In Vaishnavism, Vishnu is considered as the supreme God.  It arose as a result of the on going conflict with Saivism where Siva is considered as the God of destruction.   Vishnu comes from a root meaning "to pervade," and he is known as the Pervader.  Thus, Vishnu dwells in everything to defeat the power of destruction. It may be restated as the principle of Life and Death.  Vishnu is the principle of Life, which tries to defeat the principle of Death, which is Shiva.  They are two opposing equal Gods, though the hope of the living lies in Vishnu according to Vaishnavism.  This struggle is eternal in which eventually Siva wins and the cycle starts all over again.

 

 

In the technical terms, these refer to three gunas (properties) of nature viz. Satwa (pulling up), Rajas (fighting) and Tamas (darkness or death) in which Vishnu provides the Satwas aspect of the cosmos.  This dialectical nature of cosmos came to India by the third century AD through the Gnostics of Persia; the greatest proponent of this was Manichean.

 

In order to provide the presence in history Vishnu plays the five forms:

  • Avatars – the direct incarnation in a life form
  • Cosmic force which is eternally fighting decay and death
  • Consciousness of the living, which in nature consciously directs the fight.  Every being is Vishnu in essence
  • Vuyha, the direct emanation of the power of Vishnu.  There are many such emanations of godhead such as Vasudeva-Krishna, Samkarsana, Pradymna, Aniruddha etc.
  • Immanent God which is all pervading image of God pervading the cosmos as intelligence.

 

None of these concepts is found in the Vedas.  They suddenly appeared in the Indian scene during the first, second and third centuries.  These can therefore be traced to two foreigners who came with a mission to evangelize.  The first was St. Thomas mission and gospel was based on Christian Isa who incarnated into the earth and dwelt among us.  The second was a Persian, the Gnostic Prince Mani.  The duality of god and the on going fight between life and death, emanations and degrees of emanation in various levels and the corresponding variations in the avatar forms definitely belongs to Mani.

 

The Bhagavat Gita is considered to be the main text of the Vaishnavites where Krishna gives advice to Arjuna how to survive in the face of immanent death.  We will be discussing this scripture in detail in a later chapter.  Essentially, it proposes to fight decay and death without regard to personal gain or loss in all possible ways.  The counsel is “Get it done”.
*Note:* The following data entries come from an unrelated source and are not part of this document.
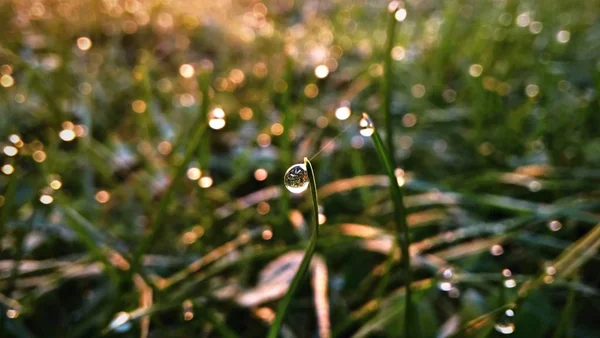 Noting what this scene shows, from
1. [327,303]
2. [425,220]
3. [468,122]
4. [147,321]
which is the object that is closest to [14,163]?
[147,321]

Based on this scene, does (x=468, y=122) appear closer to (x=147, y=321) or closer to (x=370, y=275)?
(x=370, y=275)

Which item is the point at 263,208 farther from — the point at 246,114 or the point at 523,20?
the point at 523,20

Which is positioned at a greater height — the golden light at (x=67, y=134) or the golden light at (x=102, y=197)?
the golden light at (x=67, y=134)

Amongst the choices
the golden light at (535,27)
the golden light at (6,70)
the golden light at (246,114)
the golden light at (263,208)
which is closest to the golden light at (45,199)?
the golden light at (263,208)

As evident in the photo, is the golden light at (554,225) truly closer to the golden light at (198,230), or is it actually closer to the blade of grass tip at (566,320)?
the blade of grass tip at (566,320)

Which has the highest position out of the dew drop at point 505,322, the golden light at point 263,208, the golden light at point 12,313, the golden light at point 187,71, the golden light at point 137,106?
the golden light at point 187,71

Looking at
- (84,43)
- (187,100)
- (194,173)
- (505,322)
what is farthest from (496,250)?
(84,43)

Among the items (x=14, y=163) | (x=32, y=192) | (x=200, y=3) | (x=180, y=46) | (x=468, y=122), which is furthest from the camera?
(x=200, y=3) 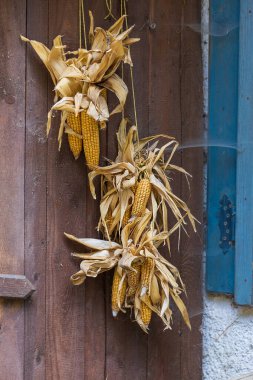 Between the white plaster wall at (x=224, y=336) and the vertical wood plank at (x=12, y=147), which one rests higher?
the vertical wood plank at (x=12, y=147)

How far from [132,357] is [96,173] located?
0.61 m

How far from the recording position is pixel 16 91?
71.4 inches

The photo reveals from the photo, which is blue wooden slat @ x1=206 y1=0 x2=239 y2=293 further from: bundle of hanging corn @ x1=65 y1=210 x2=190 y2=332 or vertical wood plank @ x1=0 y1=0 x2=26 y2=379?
vertical wood plank @ x1=0 y1=0 x2=26 y2=379

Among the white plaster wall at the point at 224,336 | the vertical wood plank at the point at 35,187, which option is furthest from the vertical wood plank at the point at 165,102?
the vertical wood plank at the point at 35,187

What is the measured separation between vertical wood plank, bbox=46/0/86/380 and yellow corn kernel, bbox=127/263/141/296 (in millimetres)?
154

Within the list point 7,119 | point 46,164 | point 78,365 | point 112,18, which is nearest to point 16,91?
point 7,119

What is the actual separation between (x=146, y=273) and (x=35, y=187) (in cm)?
41

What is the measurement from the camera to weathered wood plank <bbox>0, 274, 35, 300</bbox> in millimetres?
1803

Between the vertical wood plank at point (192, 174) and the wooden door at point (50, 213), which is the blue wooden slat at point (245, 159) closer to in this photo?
the vertical wood plank at point (192, 174)

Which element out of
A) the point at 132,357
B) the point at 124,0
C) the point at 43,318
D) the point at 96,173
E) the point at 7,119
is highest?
the point at 124,0

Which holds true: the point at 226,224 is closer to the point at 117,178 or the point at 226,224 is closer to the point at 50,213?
the point at 117,178

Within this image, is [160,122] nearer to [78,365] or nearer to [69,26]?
[69,26]

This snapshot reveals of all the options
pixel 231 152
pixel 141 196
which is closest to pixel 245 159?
pixel 231 152

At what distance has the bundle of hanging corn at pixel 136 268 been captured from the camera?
1.82 metres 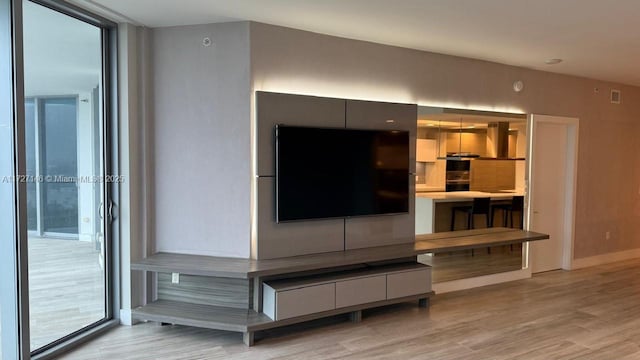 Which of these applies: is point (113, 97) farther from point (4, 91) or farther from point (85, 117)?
point (4, 91)

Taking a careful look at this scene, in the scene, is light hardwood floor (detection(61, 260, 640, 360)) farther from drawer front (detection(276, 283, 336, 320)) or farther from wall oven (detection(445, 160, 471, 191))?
wall oven (detection(445, 160, 471, 191))

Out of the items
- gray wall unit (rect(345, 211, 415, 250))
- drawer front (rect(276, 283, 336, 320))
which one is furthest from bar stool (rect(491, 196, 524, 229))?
drawer front (rect(276, 283, 336, 320))

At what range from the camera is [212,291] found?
3.96 meters

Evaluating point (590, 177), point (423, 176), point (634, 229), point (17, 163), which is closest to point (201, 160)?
point (17, 163)

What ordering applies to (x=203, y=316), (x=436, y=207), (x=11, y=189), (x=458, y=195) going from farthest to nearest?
(x=458, y=195)
(x=436, y=207)
(x=203, y=316)
(x=11, y=189)

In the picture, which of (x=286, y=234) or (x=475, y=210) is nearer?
(x=286, y=234)

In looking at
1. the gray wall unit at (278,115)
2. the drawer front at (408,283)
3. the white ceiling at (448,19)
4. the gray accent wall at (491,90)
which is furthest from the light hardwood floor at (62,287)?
the drawer front at (408,283)

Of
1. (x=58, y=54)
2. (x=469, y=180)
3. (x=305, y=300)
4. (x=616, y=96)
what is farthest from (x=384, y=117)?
(x=616, y=96)

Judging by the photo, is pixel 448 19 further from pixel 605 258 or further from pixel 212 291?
pixel 605 258

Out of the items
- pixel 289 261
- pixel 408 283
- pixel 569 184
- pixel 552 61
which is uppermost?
pixel 552 61

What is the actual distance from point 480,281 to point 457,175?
132cm

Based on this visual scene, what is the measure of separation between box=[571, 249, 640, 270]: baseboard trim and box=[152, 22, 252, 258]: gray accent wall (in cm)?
495

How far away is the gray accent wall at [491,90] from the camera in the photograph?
4102mm

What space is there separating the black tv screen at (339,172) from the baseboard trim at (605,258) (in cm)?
336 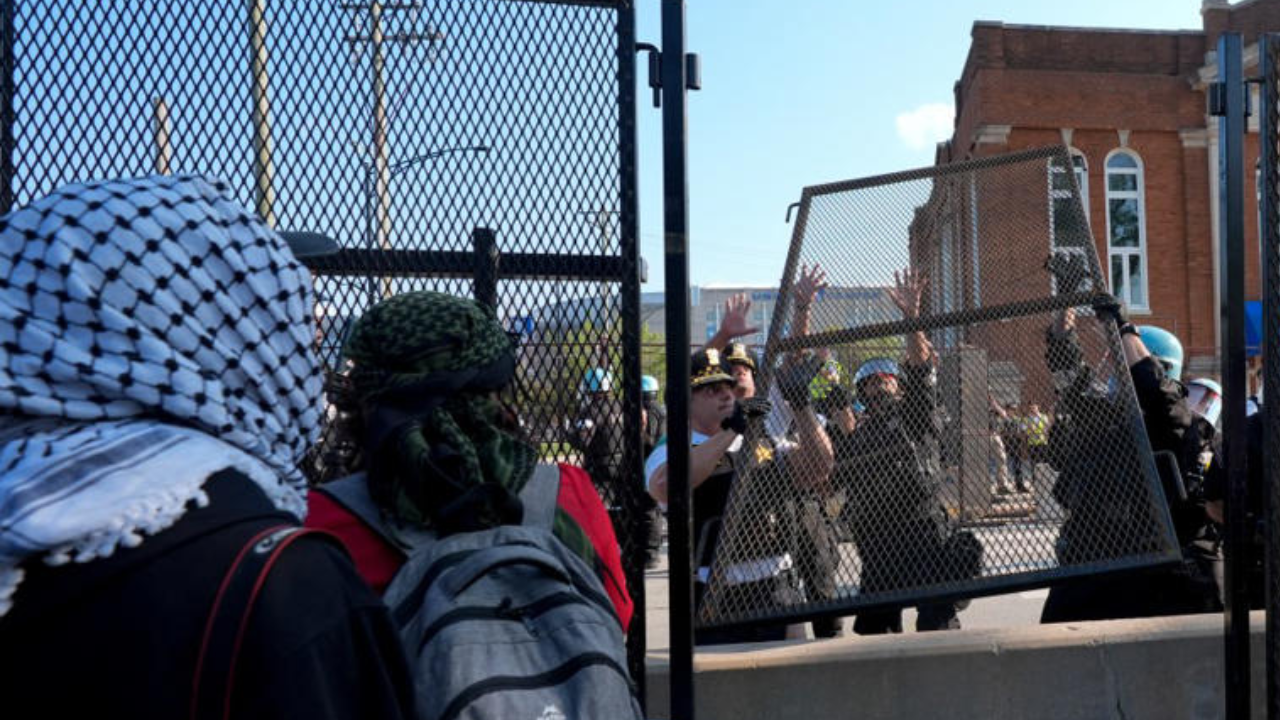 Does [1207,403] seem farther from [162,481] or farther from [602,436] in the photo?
[162,481]

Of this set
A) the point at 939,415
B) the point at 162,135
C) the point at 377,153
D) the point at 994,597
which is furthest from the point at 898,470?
the point at 994,597

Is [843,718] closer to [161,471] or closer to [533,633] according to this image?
[533,633]

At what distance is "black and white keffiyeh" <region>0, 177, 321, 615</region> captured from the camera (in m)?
1.14

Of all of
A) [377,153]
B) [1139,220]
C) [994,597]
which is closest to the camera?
[377,153]

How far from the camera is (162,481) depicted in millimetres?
1169

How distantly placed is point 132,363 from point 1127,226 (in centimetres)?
2900

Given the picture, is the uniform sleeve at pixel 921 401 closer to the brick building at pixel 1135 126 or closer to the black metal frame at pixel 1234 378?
the black metal frame at pixel 1234 378

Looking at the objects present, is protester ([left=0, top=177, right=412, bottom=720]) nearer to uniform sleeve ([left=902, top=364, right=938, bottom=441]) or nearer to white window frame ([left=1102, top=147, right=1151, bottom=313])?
uniform sleeve ([left=902, top=364, right=938, bottom=441])

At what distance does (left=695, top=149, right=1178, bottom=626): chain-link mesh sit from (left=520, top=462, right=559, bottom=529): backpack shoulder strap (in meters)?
1.60

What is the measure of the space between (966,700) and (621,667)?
8.40 ft

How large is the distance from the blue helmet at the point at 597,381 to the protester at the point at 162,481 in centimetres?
153

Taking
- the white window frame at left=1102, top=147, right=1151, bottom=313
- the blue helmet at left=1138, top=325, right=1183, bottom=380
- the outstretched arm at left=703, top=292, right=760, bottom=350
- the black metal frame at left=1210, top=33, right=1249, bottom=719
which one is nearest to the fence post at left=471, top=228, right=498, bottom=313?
the outstretched arm at left=703, top=292, right=760, bottom=350

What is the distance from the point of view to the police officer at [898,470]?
12.0 ft

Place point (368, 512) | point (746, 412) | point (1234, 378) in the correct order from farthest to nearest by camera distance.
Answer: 1. point (746, 412)
2. point (1234, 378)
3. point (368, 512)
Six of the eighteen Puranas are traditionally considered as Vaishnava text.
Of these the Vishnu Purana is one of the oldest (c. fifth century CE) and most important and the Bhagavata Purana (c. ninth century CE) is an authoritative scripture of Vaishnavism. Seventeen of the Upanishads are regarded as Vaishnava, and there are large numbers of prayers and hymns of great literary and religious appeal that are addressed to Vishnu in his different forms.

 

 

http://philtar.ucsm.ac.uk/encyclopedia/hindu/devot/vaish.html gives an excellent summary of how Vaishnavism grew into the modern form though it misses out the important Christian presence, which gave the basic monotheistic and personal faith as ways of salvation.  The presence of Christianity is usually forgotten because the name was never used in India. Dr. Devakala and Dr. Devanayagam suggest that indeed Saivism and Vaishnavism were simply two denominations of Indian Universal Way.    It was soon swallowed up by Gnostic infiltration all over India except in the Malabar Coast.  Then it was their constant contact with the rest of the world that saved them.  What is important to note in the History as given in the Encyclopedia is that it is an outgrowth of various cults and hero worship forms in the  Pre-Christian period.  With the coming of Thomas into India, the emphasis shifted to Supreme Person of God and Bhakthi towards Him.  This caused a spurge out of the Polytheistic Nature worship into the freedom of personal relation with a Supreme God.  This eventually led to the Six-fold religion known as Hinduism.

 

http://philtar.ucsm.ac.uk/encyclopedia/hindu/devot/vaish.html

 

History

“Vishnu is a solar deity in the Vedas, but the origin of Vaishnavism is not Vedic.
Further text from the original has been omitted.